Free Radical is running on a Digital Ocean VPS. Instead of deploying it manually, I turned the process into a couple of Ansible playbooks1 that do the right things quickly and repeatably.
I describe what it does in the README, but that’s just a feature checklist. So why would I go through the effort? There are several reasons:
I’m no longer tied to that server. If I screw it up badly or if a hacker compromises it, I can rebuild it from scratch on a brand new VPS in about five minutes.
Similarly, I could switch to a different cloud host with minimal tweaking. There’s a sale at AWS? I’m on it!
I don’t have to remember how to do this. I am not smart and I am getting less smart by the day. In a few months I’ll have no recollection of how I installed and configured this service. Now I won’t have to worry about missing a critical step.
You can benefit from my work. You personally. If you want to deploy your own Mastodon server, you have a detailed blueprint of exactly what’s required.
I can benefit from you benefitting from my work. If you find better settings or an easier method, you can tell me so that I can use your improvements (and everyone else can too!).

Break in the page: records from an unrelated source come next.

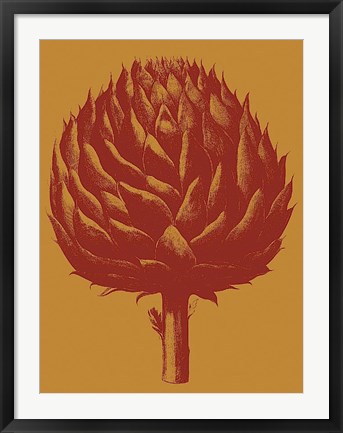 Framed Artichoke 15 Print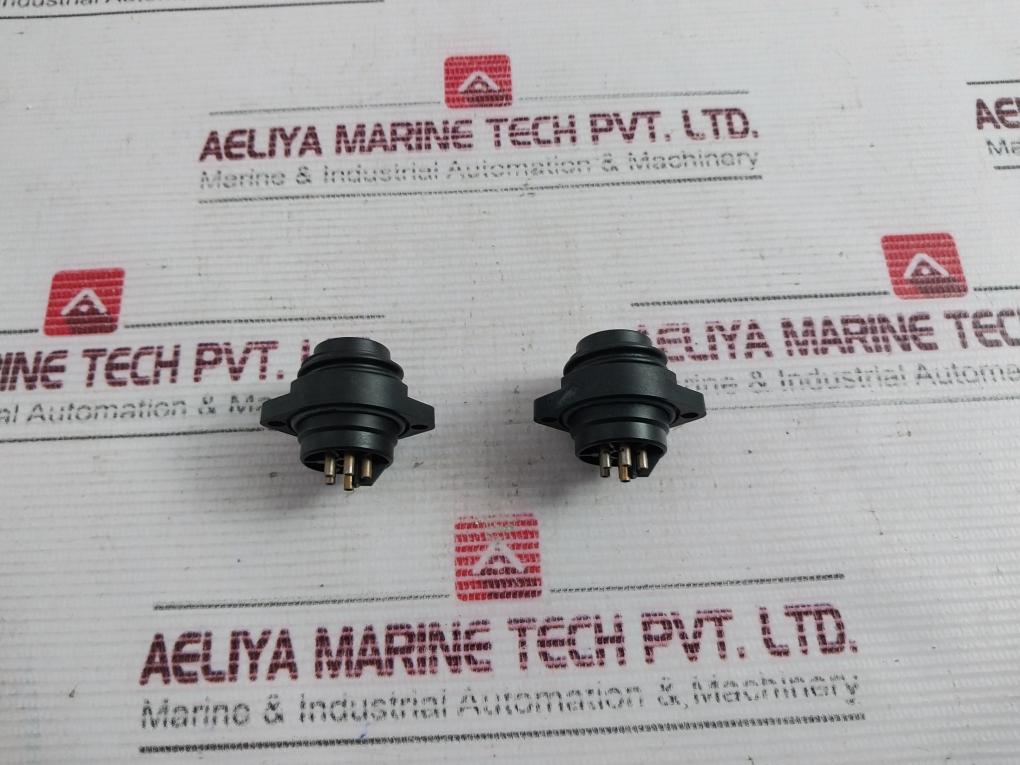 Lot Of 2X Farnell Ca6Gs Circular Connector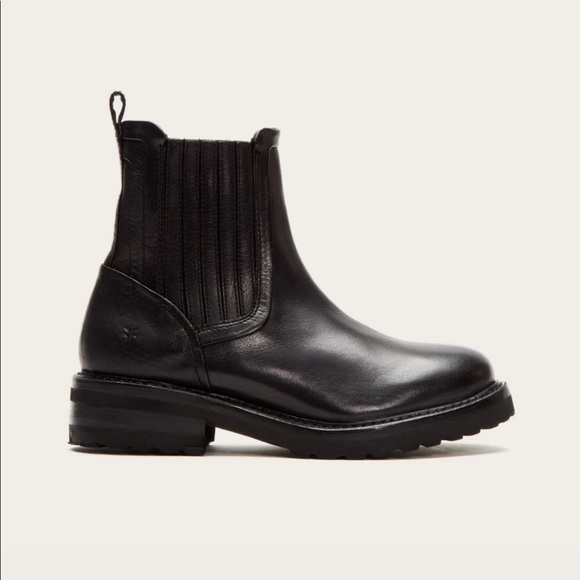 Frye Shoes - Frye Ella Moto Chelsea Boot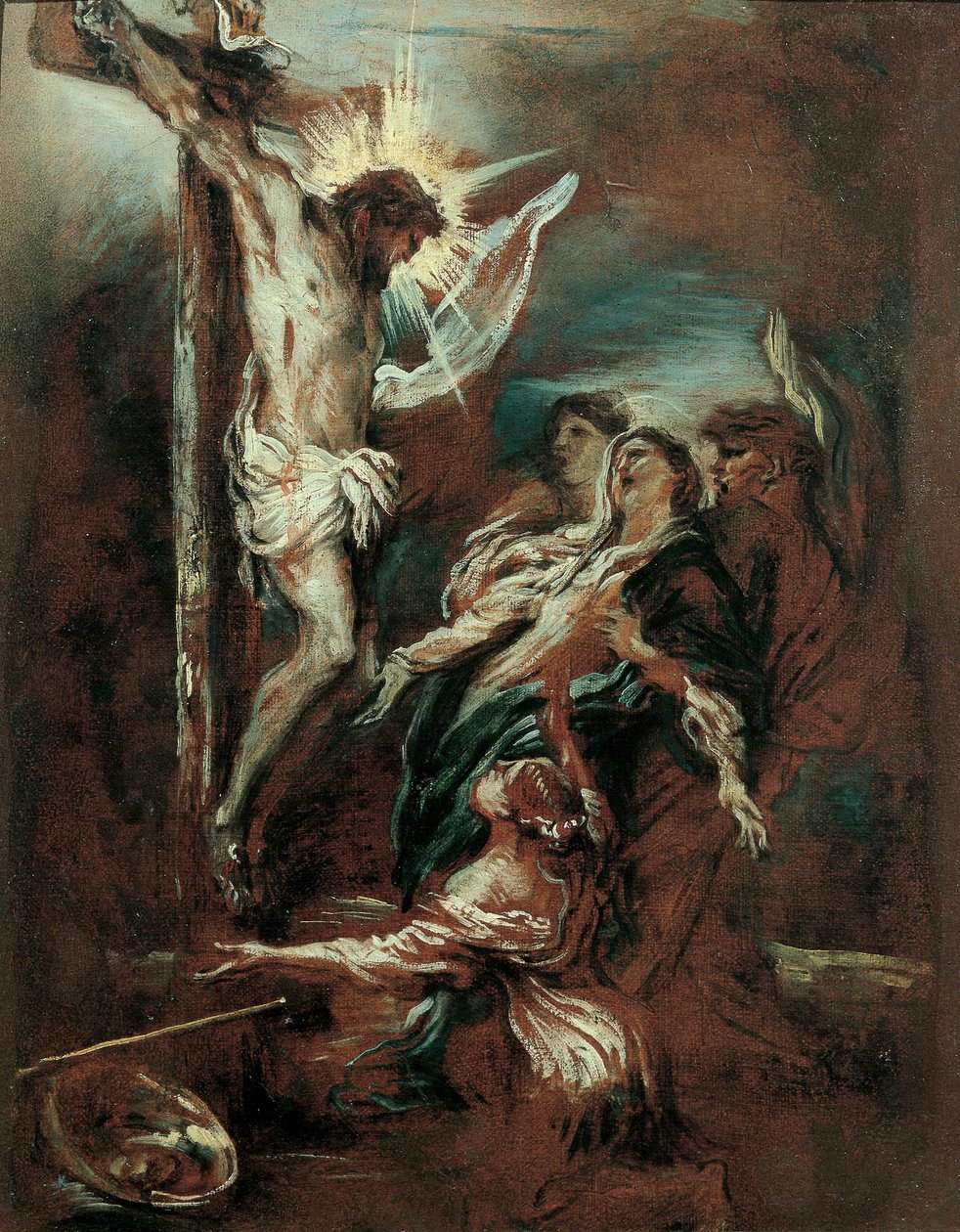 Korsfæstelse af Giovanni Benedetto Castiglione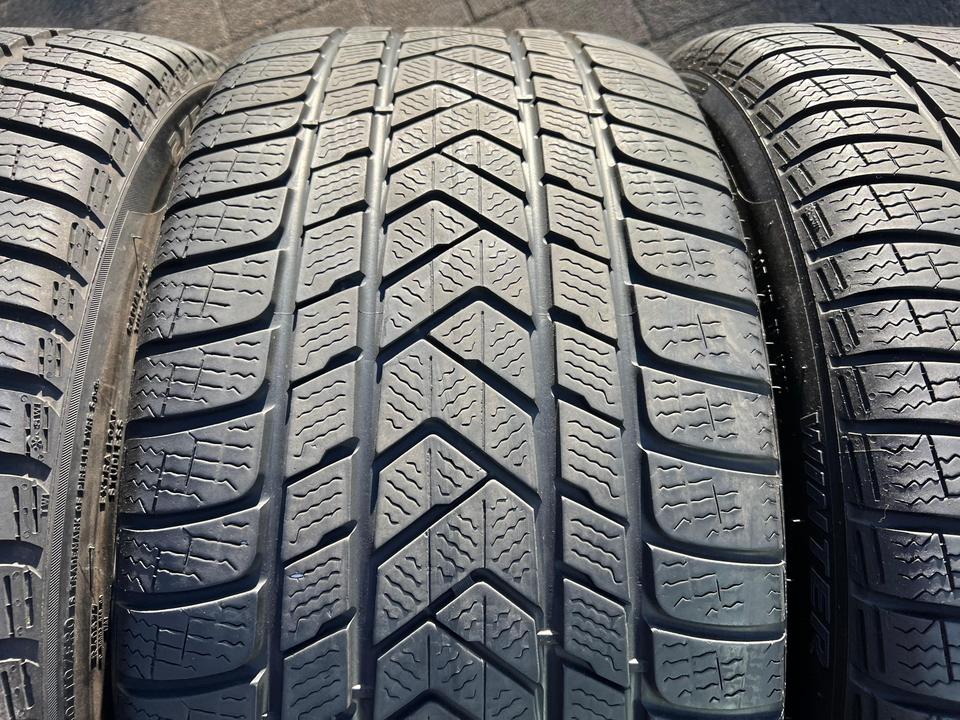 4 ORIGINAL 21" ALU WINTERRÄDER PORSCHE PANAMERA 971 FREIHAU #25ER – Bild 14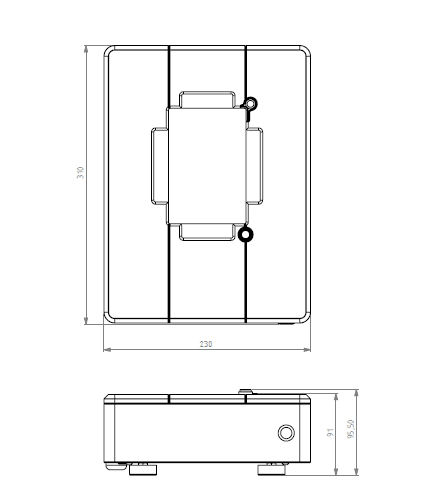 Micronic Rack Reader DR710 - Code Readers - Micronic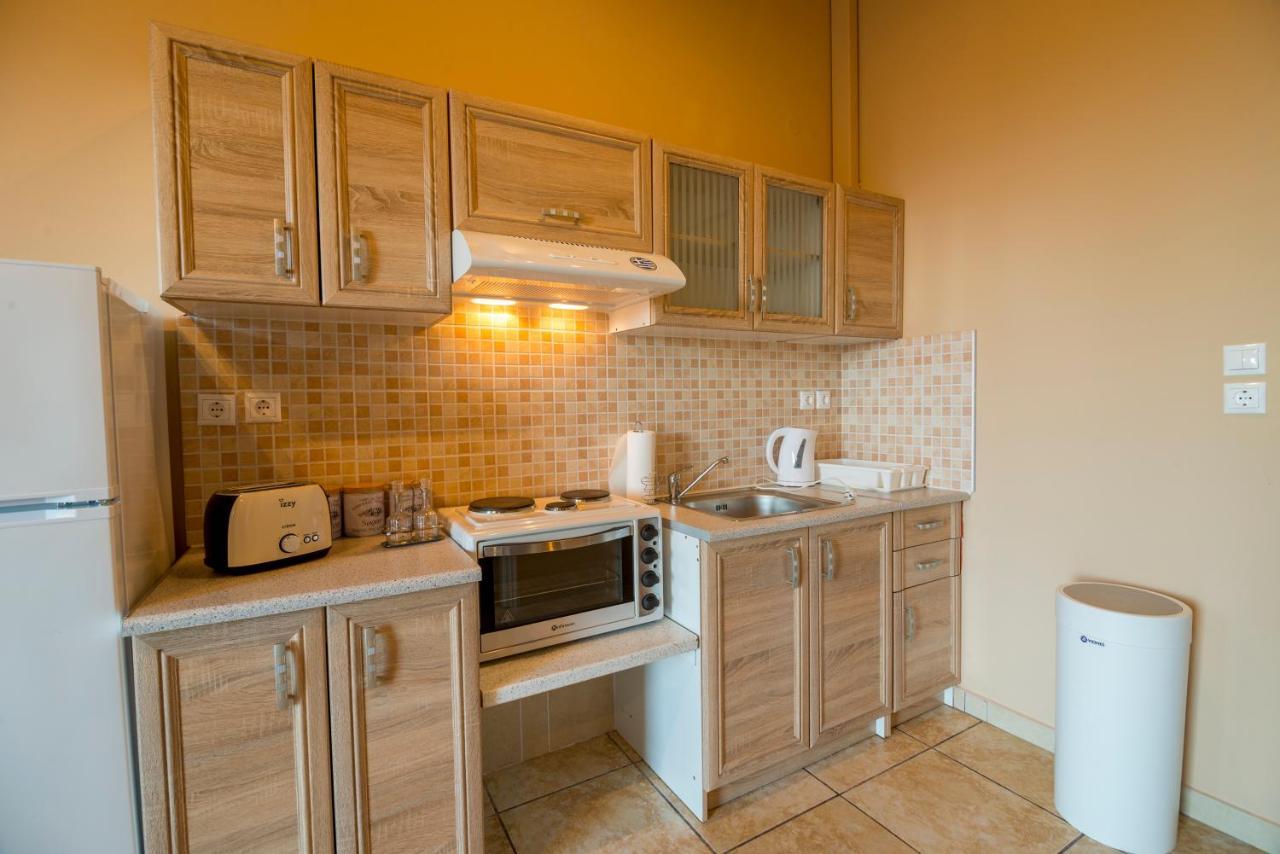 Ntamari Apartments バティ エクステリア 写真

Finally, it makes some abstract “maybe some day” considerations very concrete. A Mastodon user tooted that it might be possible for someone to flood the network with hundreds of new instances in a very short amount of time, and that we should plan for that becoming possible. I pointed out that it already is: I could spawn instance[0.99].freeradical.zone
and run a hundred parallel copies of those playbooks to add a hundred instances to the Mastodon network. Dealing with this isn’t something we can defer until a “some day” that never comes, but something we have to consider right now. There’s nothing like a working proof of concept to motivate planning.